Bautista’s Game-Winning Homer Conveys Message, then he Conveys it Again

Jose Bautista’s first home run Monday meant little on its own, save for being the slugger’s major league-leading 39th of the season.

His second home run Monday meant a lot more, at least to him.

The difference: What happened in between.

That would be the sixth-inning fastball that Yankees starter Ivan Nova sent spinning toward—and ultimately over—Bautista’s head.

The hitter took it as a response to his earlier bomb. Nova was more likely just wild, considering that it was his first start as a big leaguer. Bautista had words for the right-hander as he approached the mound, Nova didn’t back down at all and benches and bullpens quickly emptied onto the field.

Although no punches were thrown, the incident served as a prelude for an interesting response from Bautista after he hit another home run, in the eighth.

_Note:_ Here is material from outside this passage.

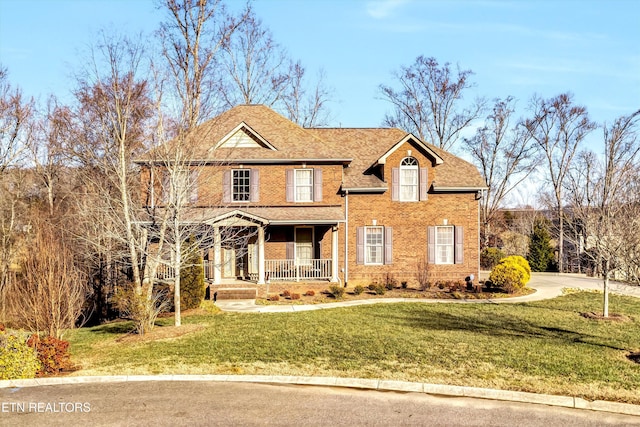 view of front of home featuring covered porch and a front lawn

Baseball will tolerate a degree of showboating, so long as it’s in response to a Code violation. Bautista’s reaction to his second home run (the eventual game-winner, hit off of reliever David Robertson) started with a bat flip in conjunction with a glare toward the mound. It ended with one of the slowest home-run trots in the big leagues this season, and some fist pumping upon reaching the plate. (Watch it here.)

In addition is the notion that rookies must be tested, which, admitted Bautista, is what motivated his sixth-inning outburst, at least in part.

“I was just trying to see what kind of reaction I was going to get from him,” he said in the Bergen Record. “I was surprised to see he was pretty defiant. He was walking up toward me and flashing his hands up and started yelling.”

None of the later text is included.